00:09:10.000 It's certainly true that threads are more

00:09:12.766 expensive than async functions, and async tasks,

00:09:17.466 in the runtime.

 

00:09:20.966 But threads are not that expensive.

 

00:09:24.600 A properly configured modern machine can run

00:09:28.066 many, many thousands of threads,

00:09:29.633 without any great difficulty.

 

00:09:32.966 The laptop I’m recording this lecture on,

00:09:35.233 for example, which is a low-end MacBook

00:09:38.533 Air with a Core i5 processor,

00:09:41.566 is running about 2200 threads in normal everyday use.

 

00:09:47.700 And If you look up the documentation

00:09:50.233 for, for example, the Varnish web cache,

00:09:53.000 which is a caching web proxy that’s

00:09:56.000 quite popular in data centres,

00:09:59.033 the documentation says it's common to configure

00:10:02.566 this with 500 or 1000 threads,

00:10:05.066 at minimum, but they rarely recommend running

00:10:08.800 more than 5000 threads.

 

00:10:12.766 And, I think, unless you're doing something

00:10:14.866 very, very unusual, it's likely you can

00:10:17.866 just spawn a thread, or use a

00:10:20.100 pre-configured thread pool, and perform blocking I/O,

00:10:25.666 and just communicate using channels, and the

00:10:28.166 performance will be just fine.

 

00:10:30.833 Even if this means spawning up thousands of threads.

 

00:10:35.866 Modern servers can run thousands, or tens

00:10:39.500 of thousands, of simultaneous threads without any

00:10:42.000 great difficulty.

 

00:10:44.833 Threading is not that expensive these days.

 

00:10:49.400 And asynchronous I/O can give a performance benefit.

 

00:10:54.000 But that performance benefit is usually not that great.

 

00:10:59.533 So my recommendation is,

00:11:01.600 choose asynchronous programming because you prefer the

00:11:04.300 programming style, if you like.

 

00:11:06.800 But don't choose it for performance reasons,

00:11:12.066 unless you really sure that it will

00:11:13.766 improve performance. Threading is not as expensive

00:11:16.433 as you think.

 

00:11:21.466 And that concludes our discussion of coroutines

00:11:24.200 and asynchronous I/O.

 

00:11:26.566 As we've seen, blocking I/O can be

00:11:29.166 problematic.
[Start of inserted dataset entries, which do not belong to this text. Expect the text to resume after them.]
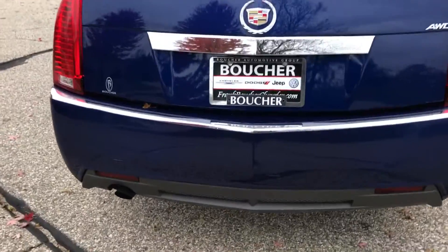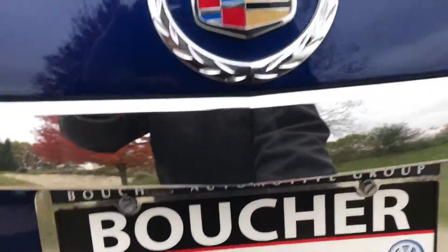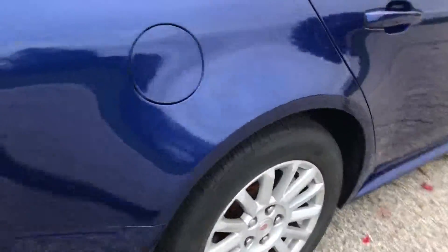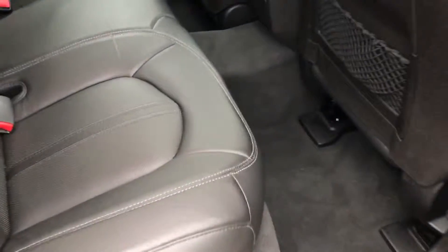The CTS does have all wheel drive, V6, and this has a backup camera right here. Lots of trunk space, and this even comes with the WeatherTech floor mats, alloy rims, and tons of space in the back here.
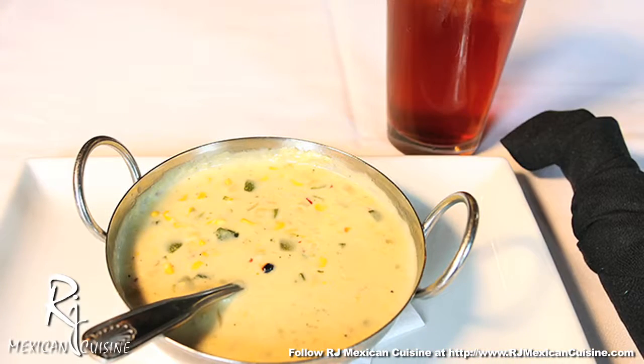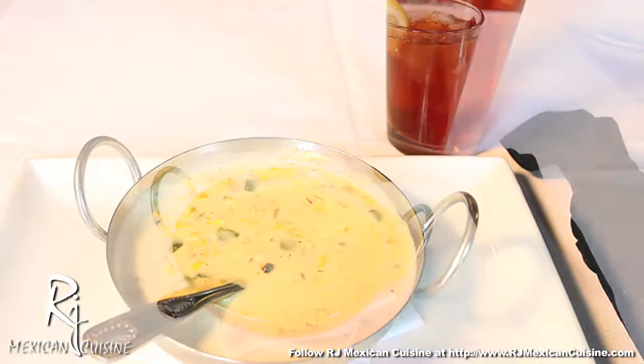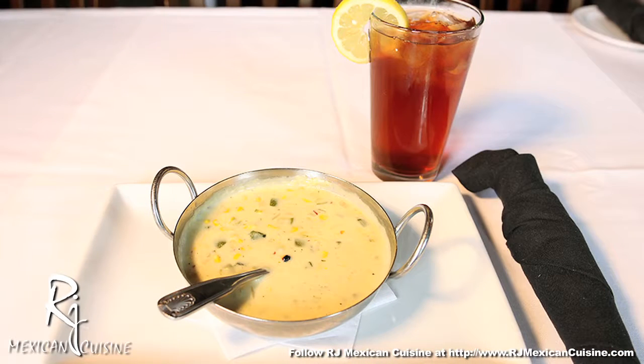For those of you that are vegetarians, you'll definitely love it. For the rest of you, you'll find it a great appetizer as well.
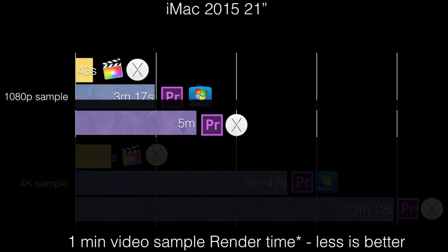Now, Premiere Pro running on Windows 7 in Bootcamp finished in 3 minutes 17 seconds. At this point, I was like, this is actually turning out to be a fact — Premiere on Windows exports videos faster than Premiere on OS X.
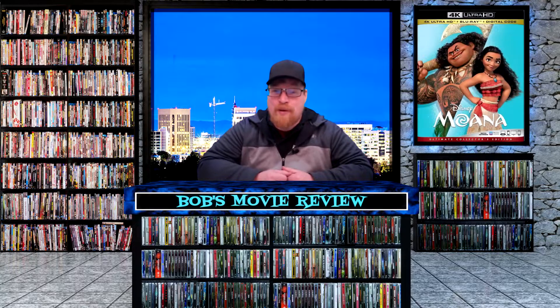Next up, Santa with Muscles is releasing on Blu-ray and digital — Amazon and Walmart $8.79, Best Buy $8.99, Target no listing.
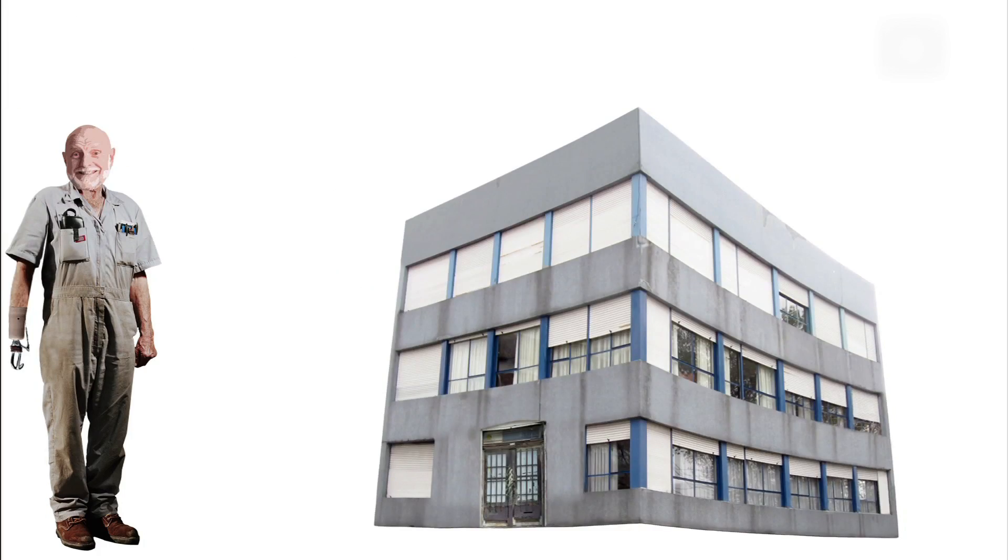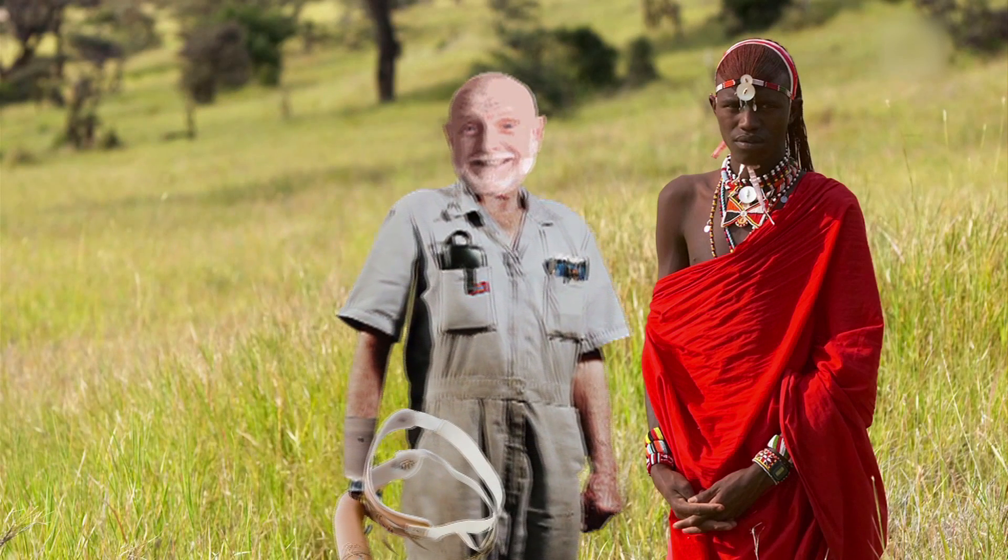Chas started a company to sell these products, and he also distributed them for free in third-world countries.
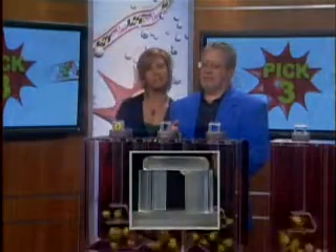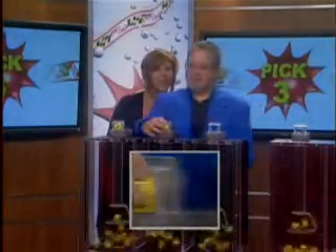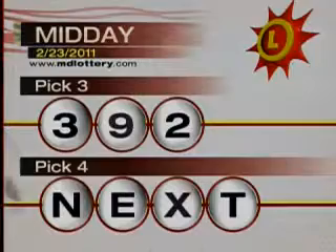Your numbers are three. The next number is... that is a nine, as printed on the ball. And we've got a two, making your Pick 3 numbers today: three, nine, two.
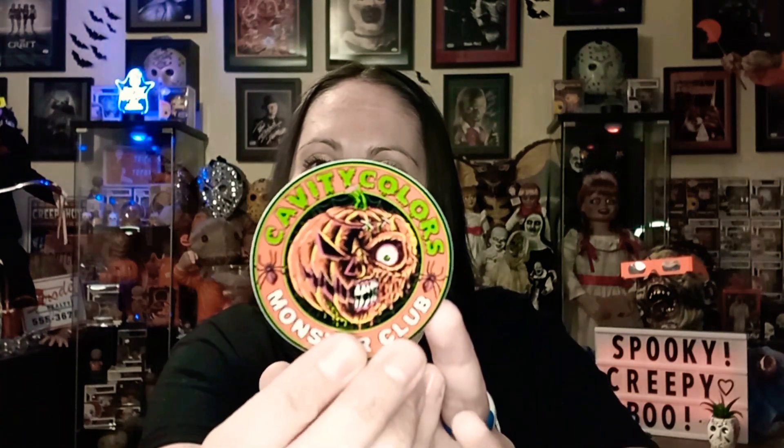I'm excited to see this one — this is the brightest horror shirt that I could find that's cute. It came with a little sticker here, it says Cavity Colors Monster Club. Very bright as you can see, I love the colors — great horror, Halloweeny vibes.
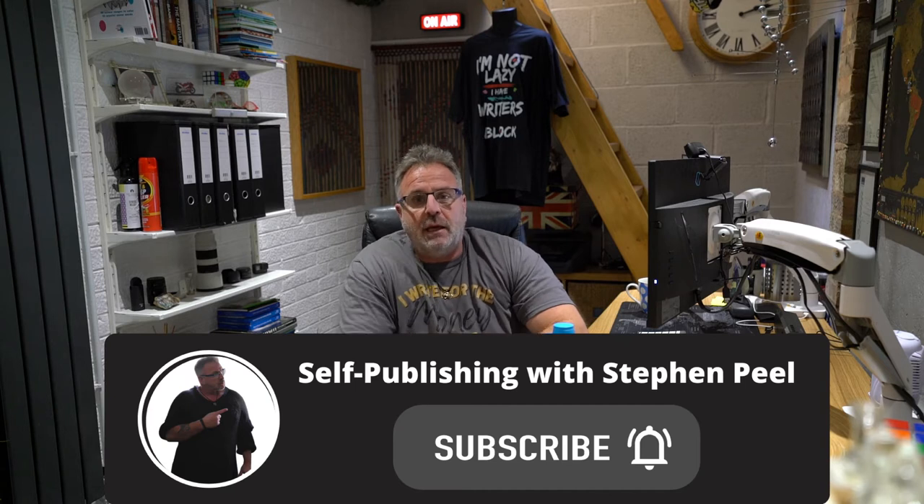Thank you for subscribing to the channel, it's much appreciated. And for those of you that haven't subscribed yet, it would be much appreciated and will only take you a second. Now what I want to talk to you about today is typography, which for those who don't know is a way of arranging letters, text, words, all kinds of stuff like that in a way that's clear, legible, easy to understand what you're trying to get across, and it's visually appealing too.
It's problematic because it forces you

00:11:33.000 to write multi-threaded code, which has

00:11:35.333 a reputation as being high overhead.

 

00:11:38.400 Or it's problematic because you have to

00:11:40.500 structure your code as a select loop.

 

00:11:43.000 And in both of these cases there's

00:11:45.466 a restructuring of the code needed.

 

00:11:49.033 The use of coroutines and asynchronous code,

00:11:52.100 in the best cases, can give you

00:11:55.100 a structure for I/O-heavy code, which allows

00:11:59.066 you to perform asynchronous I/O operations without

00:12:02.166 greatly restructuring the code, and just involves

00:12:05.333 some small number of annotations,

00:12:07.900 and switching to use the async version of the runtime.

 

00:12:12.733 And, in those cases it's quite a

00:12:14.566 natural programming model, and it works very well.

 

00:12:18.500 It does, though, run the risk of

00:12:20.133 fragmenting the ecosystem into async aware,

00:12:22.666 and non-async aware functions, and I think

00:12:26.000 it runs the risk of

00:12:28.100 introducing hard to find bugs with blocking

00:12:30.733 code, and with CPU hogging code.

 

00:12:35.833 Is it worth it?

 

00:12:38.600 I don't know, maybe.

 

00:12:41.033 It gives very natural code in some

00:12:42.866 cases, and very high performance code in

00:12:45.600 some cases, I think it can work

00:12:47.600 very well in those cases.

 

00:12:50.100 In other cases, in other applications,

00:12:53.533 the multi-threaded, blocking, version of the code

00:12:56.966 is just as natural to write,

00:12:59.666 and also scales very well.

 

00:13:02.933 Different applications have different requirements, and I

00:13:05.966 would encourage experimentation, rather than just diving

00:13:09.500 straight in to using asynchronous functions and await.

 

00:13:17.166 In the next lecture, we’ll move on,

00:13:19.233 and instead of talking about concurrency,

00:13:21.466 we'll move on to talk about security.